Y  la segunda, por violación indirecta de la ley sustancial, para  la cual al censor le corresponde demostrar que los jueces de  instancia dejaron de aplicar el señalado principio a través  de una apreciación errada de los medios de prueba. Ello le  exige, además, indicar la prueba o pruebas valoradas  erróneamente y, para cada una de ellas, precisar si el yerro  cometido fue de hecho o de derecho y la especie de falso juicio en  que se incurrió: si de existencia, identidad o raciocinio (en  el caso del error de hecho), o de legalidad o convicción (para  el yerro de derecho).  
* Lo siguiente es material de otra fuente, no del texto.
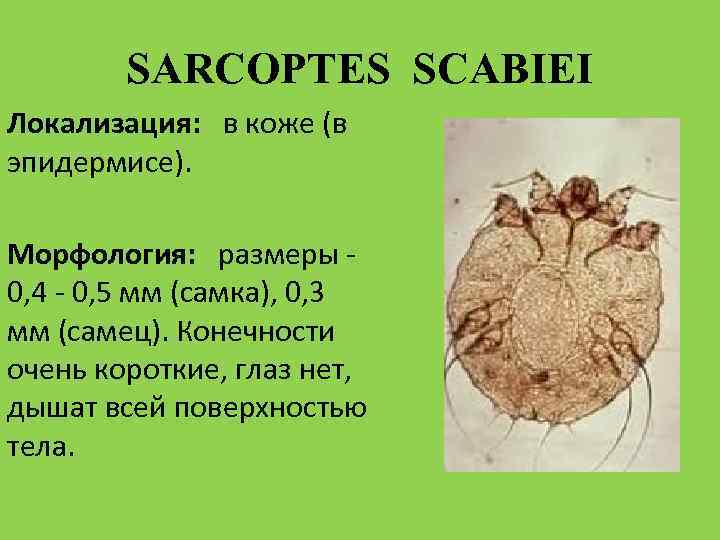 Почему чесоточного клеща часто называют зуднем ответ. Чесоточный зудень (Sarcoptes scabiei). Чесоточный клещ Sarcoptes scabiei Hominis. Чесоточный зудень Sarcoptes scabiei строение. Клещ Sarcoptes scabiei возбудитель чесотки.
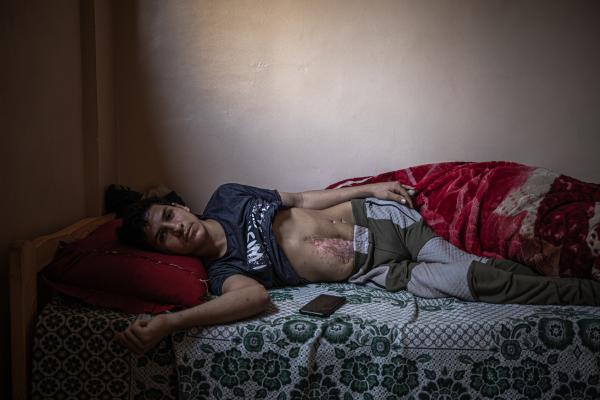 Gaza's Injured Struggle To Recover Six Months After Ceasefire - GAZA CITY, GAZA - DECEMBER 04: Mahmoud Naim, 17, poses for a photo in his house in the Zeitoun...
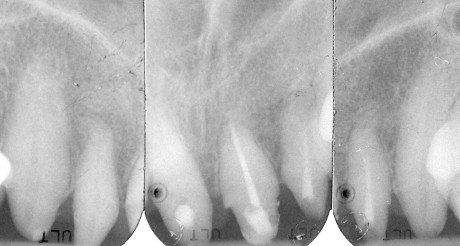 8. Le radiografie pre-operatorie evidenziano un mantenuto livello di attacco parodontale.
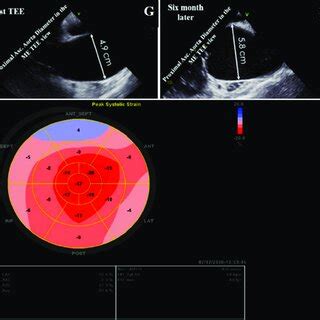 Two-and three-dimensional transthoracic echocardiographic views of case ...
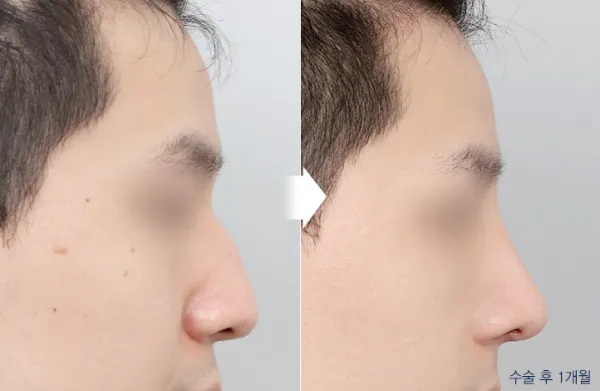 Before/After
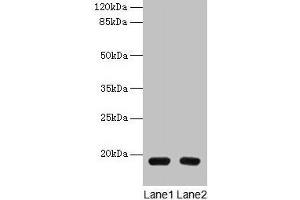 Western blot All lanes: PDE6D antibody at 1.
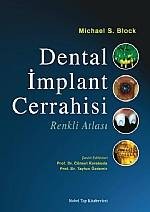 Dental İmplant Cerrahisi Renkli Atlası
El  demandante, es cierto, escogió el segundo de esos caminos. Sin  embargo, no precisó si la infracción ocurrió por  error de hecho o de derecho, ni tampoco la modalidad del yerro. Mucho  menos desarrolló un ataque fundado  en alguno de los dos.  

Se  limitó a reiterar los argumentos que expuso al intentar  sustentar el primer reproche, los que, como quedó visto, no  revisten capacidad para derruir los fundamentos de la condena. Y a  predicar la ausencia de certidumbre sobre las  voces escuchadas en las interceptaciones y la existencia en la zona  de diversos actores que pudieron ser los causantes del hecho,  planteando su particular enfoque acerca del alcance de las pruebas,  olvidando que en sede de casación no resultan pertinentes ese  tipo de controversias, dada la doble presunción de acierto y  legalidad de que está dotada la sentencia impugnada.  

Como,  en consecuencia, el tercer cargo está llamado a correr la  misma suerte de los otros dos, la Sala inadmitirá la demanda  objeto de examen, sin que advierta la presencia de circunstancia  vulneradora de garantías fundamentales que la obligue a  intervenir de oficio para su restablecimiento.  

Se precisará,  finalmente, que contra la decisión inadmisoria del recurso de  casación sólo cabe el mecanismo de insistencia,  conforme lo tiene establecido el artículo 184 de la Ley 906 de  2004, cuya interposición procede bajo las reglas fijadas en  jurisprudencia reiterada de la Sala (CSJ AP, 12 dic 2005, Rad.  24322).  

En mérito  de lo expuesto, la CORTE SUPREMA DE JUSTICIA, SALA DE CASACIÓN  PENAL,  

RESUELVE:  

INADMITIR la  demanda de casación  interpuesta por el defensor de JALEXO  FLÓREZ YARURO.  

Contra  esta determinación procede el mecanismo de insistencia, en los  términos definidos pacíficamente por la jurisprudencia  de la Sala.  

NOTIFÍQUESE  Y CÚMPLASE.  

LUIS ANTONIO  HERNÁNDEZ BARBOSA  

JOSÉ  FRANCISCO ACUÑA VIZCAYA  

JOSÉ  LUIS BARCELÓ CAMACHO  

FERNANDO LEÓN  BOLAÑOS PALACIOS  

FERNANDO  ALBERTO CASTRO CABALLERO  

EUGENIO  FERNÁNDEZ CARLIER  

EYDER PATIÑO  CABRERA  

PATRICIA  SALAZAR CUÉLLAR  

LUIS GUILLERMO  SALAZAR OTERO  

NUBIA YOLANDA  NOVA GARCÍA  

Secretaria  

1          Página          39 del fallo de segunda instancia.  

2          Página 38 ibídem.  

3          Página          41 ibídem.